As written and without pictures, set down the lines from the one that contains "why timing matters for bone grafting" through the end of the data.
(Beginning of Data to process)
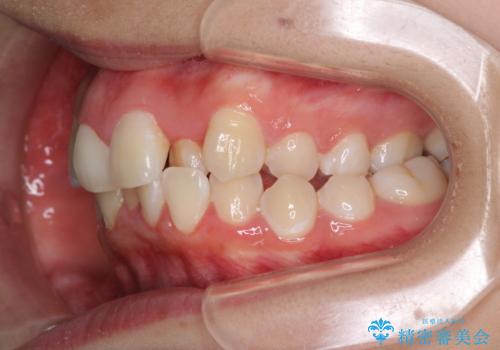 骨格的なズレをカムフラージュ 抜歯矯正で咬み合わせを改善の治療前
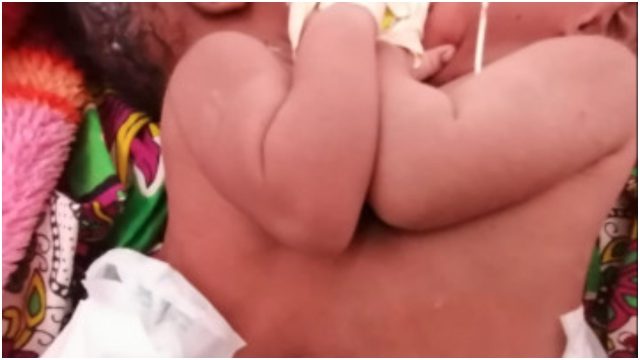 Kenyan Teenager Gives Birth to Conjoined Twins at Lenmek Hospital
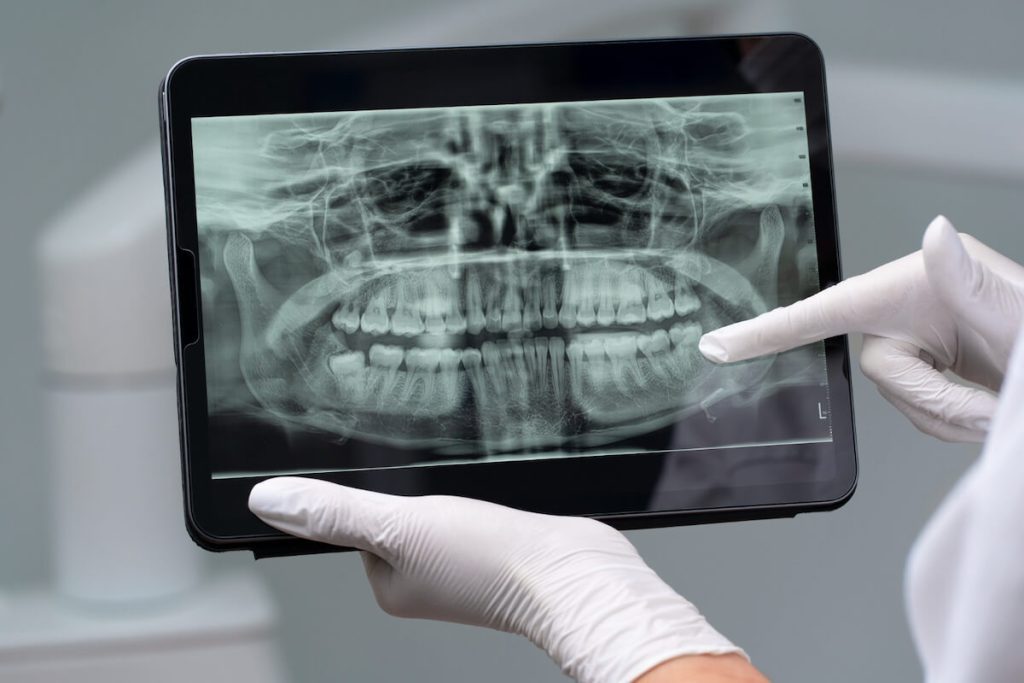 why timing matters for bone grafting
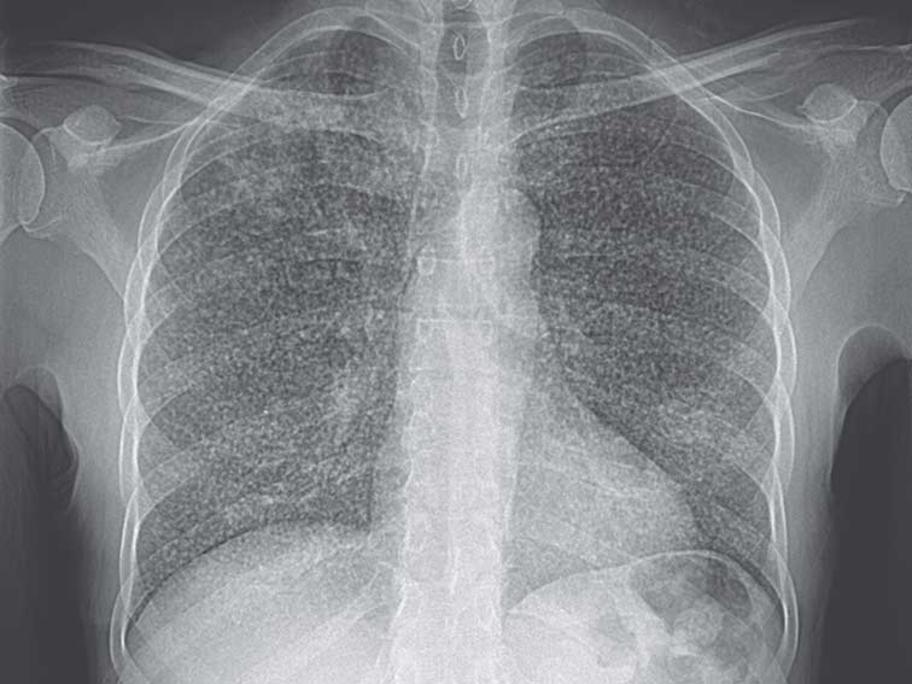 Chest X-ray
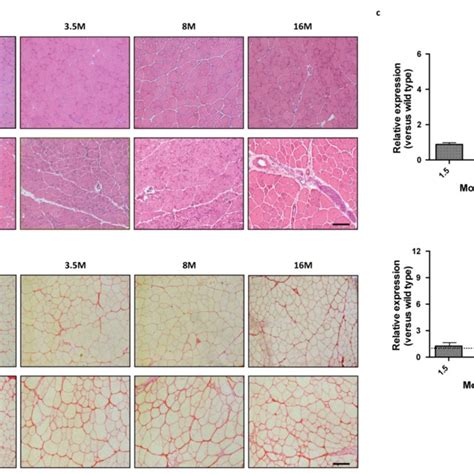 Cardiotoxin Induced Injury On Wild Type And Mdx Skeletal Muscle Tissue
(End of Data to process)
### Reply
 why timing matters for bone grafting
 Chest X-ray
 Cardiotoxin Induced Injury On Wild Type And Mdx Skeletal Muscle Tissue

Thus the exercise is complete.